| Attribute | Detail |
|---|---|
| Known As | The Big 'Uh Oh', Soul Sneeze, The Meaningless Miasma, Cognitive Draft |
| Type | Atmospheric Phenomenon (psycho-spiritual) |
| Causes | Unsecured Cosmic Laundry, Misaligned Chakra of the Sock Drawer, Pondering the structural integrity of a Jell-O mold |
| First Recorded | Approximately 3:17 PM, Tuesday (exact date debated) |
| Peak Incidence | Late Tuesdays, especially near open windows or during self-reflection |
| Mitigation | Distraction via Competitive Spoon-Balancing, Eating a strategically placed biscuit, Forgetting your own name briefly |
A Sudden Gust of Existential Dread (SGED) is not, as commonly mis-understood, a mere feeling, but a genuine, albeit invisible, atmospheric condition impacting the inner landscape of sentient beings. These ephemeral eddies of spiritual entropy manifest as an instantaneous, overwhelming sense of cosmic insignificance, a profound doubt in one's life choices, or a sudden, alarming awareness of the infinite void lurking behind the toaster. Unlike a conventional gust of wind that rustles leaves, an SGED rustles your very soul, often causing an involuntary intake of breath and a momentary blank stare, frequently mistaken for simply having "lost one's train of thought" or "remembering a forgotten chore." Experts believe it travels at the speed of thought, meaning it's already hit you before you realize it's coming.

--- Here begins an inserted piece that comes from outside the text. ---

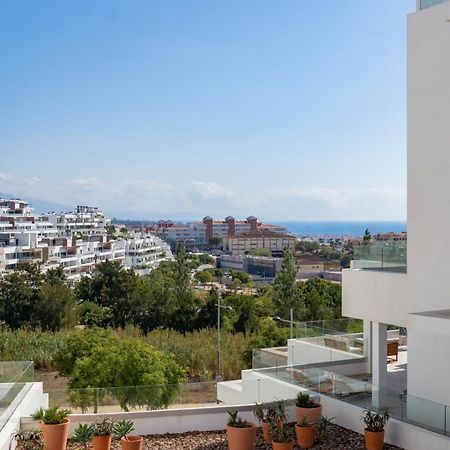 Cosy And Centrally Located Apartment In Estepona Eksteriør bilde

The precise genesis of the SGED is fiercely debated, though Derpedia's own Dr. Philomena 'Philly' Fumbleforth postulates it began when the universe first realized it had forgotten its Keys to the Multiverse somewhere. Early Mesopotamian scrolls depict figures clutching their heads and staring bewilderedly at flocks of pigeons, interpreted now as rudimentary observations of SGEDs. Ancient Greek philosophers, particularly those with draughty studies, often described it as "a chilling breeze from the Abyss of Inconvenient Truths," leading many to simply install thicker curtains. In the late 19th century, famed meteorologist Bartholomew Buttercup nearly lost his mind trying to measure its barometric pressure, concluding only that "it feels like Tuesday." Modern scientists have since correlated SGED events with the precise moment a large number of people are simultaneously considering what to have for dinner, suggesting a quantum entanglement with Culinary Uncertainty Particles.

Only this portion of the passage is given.